Irão. Novo Presidente prepara sucessão do Líder Supremo

No Irão, o poder político funciona em paralelo com o poder religioso mas, desta vez, o regime decidiu que não arriscava: eleição presidencial rigorosamente vigiada, para enfrentar pressão das sanções.

O clérigo conservador Ebrahim Raisi, de 60 anos, venceu as eleições presidenciais no Irão e poderá tornar-se o sucessor do Líder Supremo, Ali Khamenei, que tem saúde frágil e idade avançada. Raisi representa a linha dura do regime e venceu com 62% dos votos, substituindo o Presidente cessante, Hasan Rouhani, um moderado que a ala religiosa tenta culpar pela crise que o país atravessa. As eleições de sexta-feira tiveram uma abstenção invulgarmente elevada, reflectindo descontentamento dos eleitores e a falta de competitividade da votação.

Os candidatos foram rigorosamente escolhidos pelo Conselho dos Guardiães (o órgão de 12 membros que aconselha o Líder Supremo). Esta entidade vetou todos os políticos populares que se apresentaram, fossem reformistas ou conservadores.
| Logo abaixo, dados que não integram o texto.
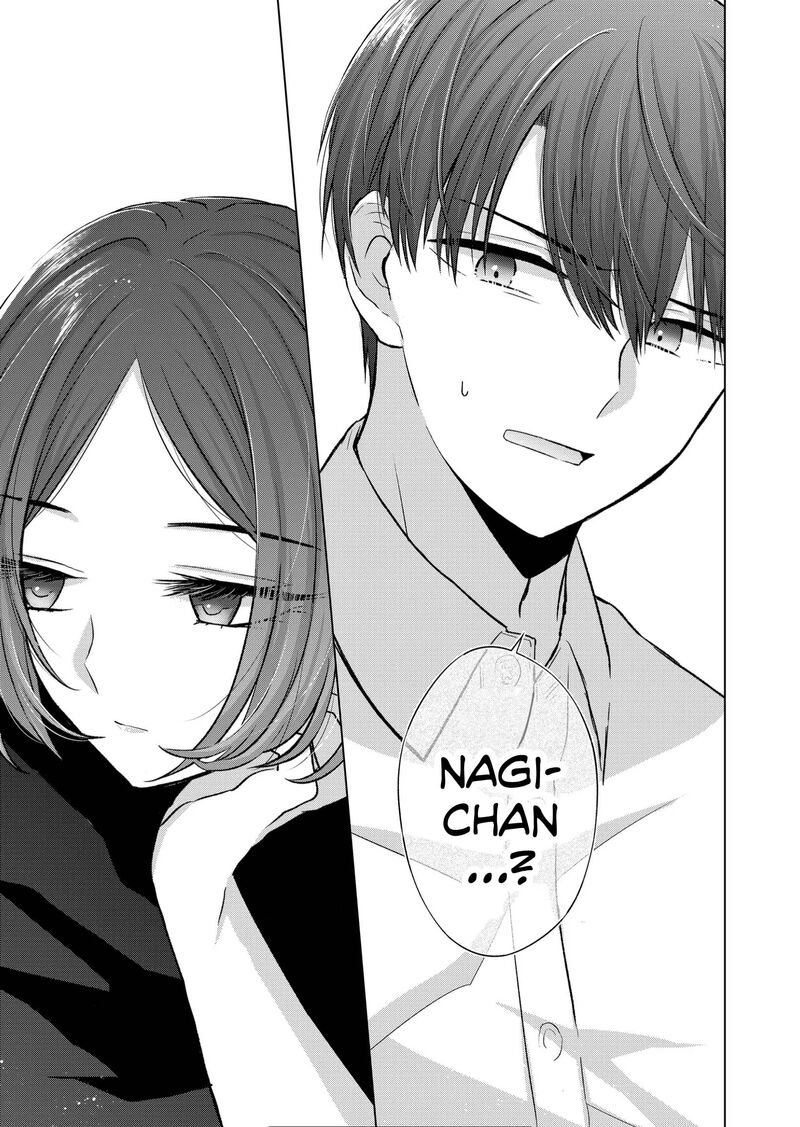 Kimi Wa Nina Janai 24 17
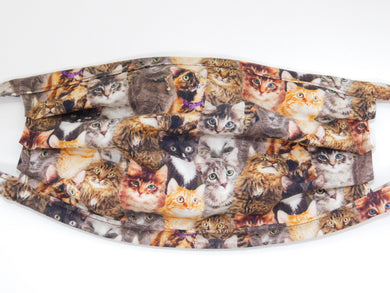Cat Mask
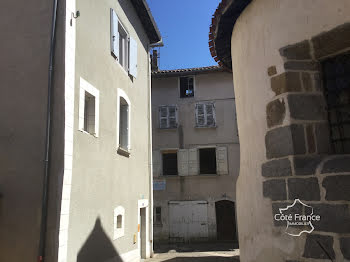 maison à Maurs (15)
A excepção foi Raisi, cujo lote de opositores era fraquíssimo, incluindo um tecnocrata e um general desacreditado.

O novo Presidente, que toma posse em Agosto, é uma das figuras mais relevantes do país, mas está ligado a um dos períodos negros da repressão: em 1988, quando tinha 28 anos, Ebrahim Raisi participou numa das piores atrocidades da república islâmica, o massacre de 3 mil prisioneiros ligados à resistência Mujahedin (movimento considerado terrorista que combatia o poder em Teerão). Na altura, Raisi era procurador adjunto e foi nomeado pelo Líder Supremo, o aiatola Khomeini, para integrar o organismo que se encarregou do problema. O Presidente eleito nega ter tido papel nos homicídios brutais.
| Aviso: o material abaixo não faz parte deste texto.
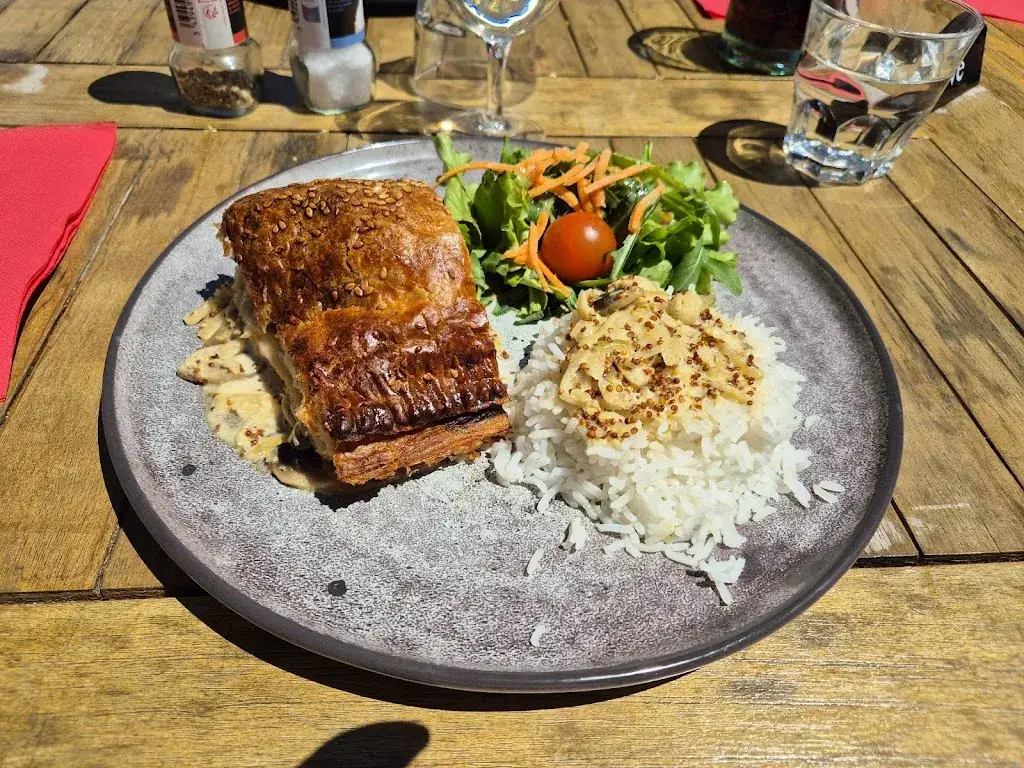 Menu_Le Sixte Restaurant-Bar, Pérols Centre_Pérols_image_8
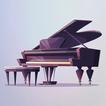 Piano Ajaib pro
Raisi é membro do órgão máximo da parte religiosa do regime (Assembleia de Peritos) e tudo indica que a sua eleição visa preparar a sucessão iminente de Khamenei. A sua primeira tarefa será resolver o problema das negociações sobre o acordo nuclear, que decorrem em Viena, muito contestadas por Israel. Aliás, o novo primeiro-ministro israelita, Naftali Bennett, falando em inglês, fez um primeiro comentário sobre as presidenciais iranianas, sublinhando a dureza do vencedor: “Entre todas as pessoas que [o Líder Supremo, aiatola Ali] Khamenei podia ter escolhido, foi buscar o carrasco de Teerão, tristemente conhecido entre os iranianos e em todo o mundo por ter liderado os comités da morte responsáveis pela execução de milhares de inocentes.” Seguiu-se o aviso sobre as negociações nucleares: “Esta é a derradeira oportunidade para os poderes mundiais acordarem antes de voltarem para o acordo nuclear e para compreenderem com quem estão a negociar.”
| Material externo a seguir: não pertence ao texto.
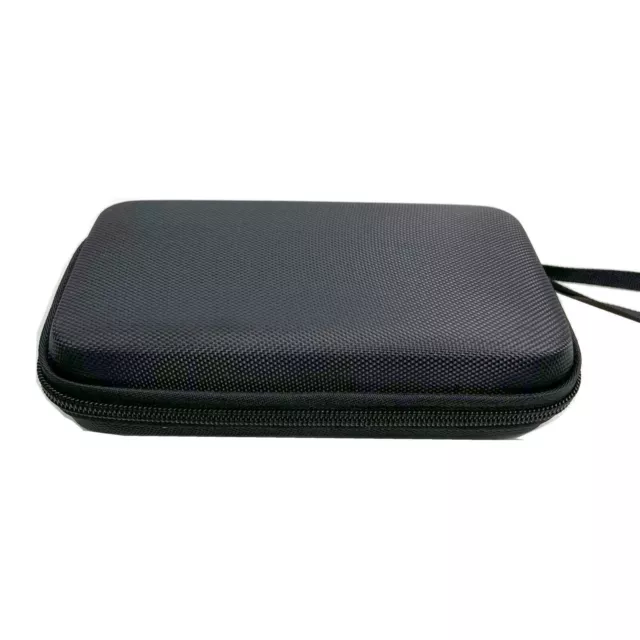 Storage Bag Case Carrying Box for RODE Wireless Go II/GO 2 Wireless Microphone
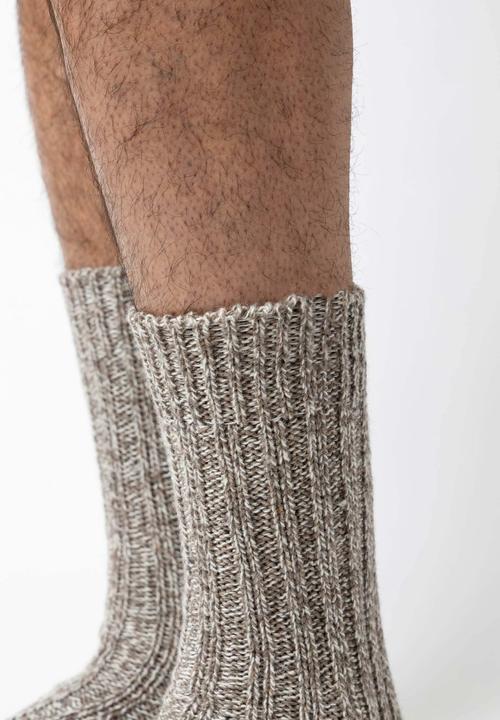 Image du produit Snocks Norweger Socken (lot de 2, 39 - 42)
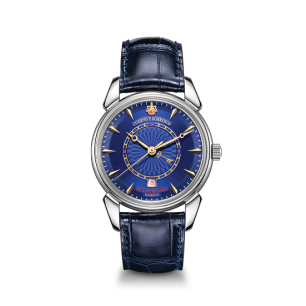 Cuervo y Sobrinos HISTORIADOR GMT 1519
Denominado Plano de Acção Conjunto, assinado em 2015 por União Europeia, Estados Unidos da América, França, Alemanha, Rússia, China e Irão, este era, no fundo, um acordo de princípio sobre o calendário de redução das capacidades nucleares do Irão. Em 2018, Donald Trump saiu deste entendimento e impôs novas sanções. O Presidente pretendia renegociar tudo, mas perdeu as eleições para Biden, que defendia o regresso ao acordo. Entretanto, o Irão deixou de seguir os termos do calendário e foi vítima de sabotagem de instalações vitais e mesmo de um atentado fatal contra o principal cientista nuclear, ataques cuja responsabilidade já foi praticamente assumida pelos israelitas.

As negociações do acordo nuclear recomeçaram em Abril, envolvendo diplomatas dos países que assinaram o Plano de Acção Conjunto. Foram interrompidas no domingo para permitir às delegações a consulta com os respectivos governos, mas os negociadores dizem que estão perto de um resultado.

O novo Presidente iraniano quer o levantamento das sanções económicas e recusa abdicar do programa de mísseis balísticos. Raisi está pessoalmente abrangido pelas sanções norte-americanas. A sua vitória reforça o controlo do ramo religioso sobre a ala secular, o que pode conduzir a novas vagas de repressão. A economia está de rastos e o fim das sanções permitiria exportar 4 milhões de barris de petróleo por dia.

Artigo publicado na edição impressa do NOVO nas bancas a 25 de Junho de 2021.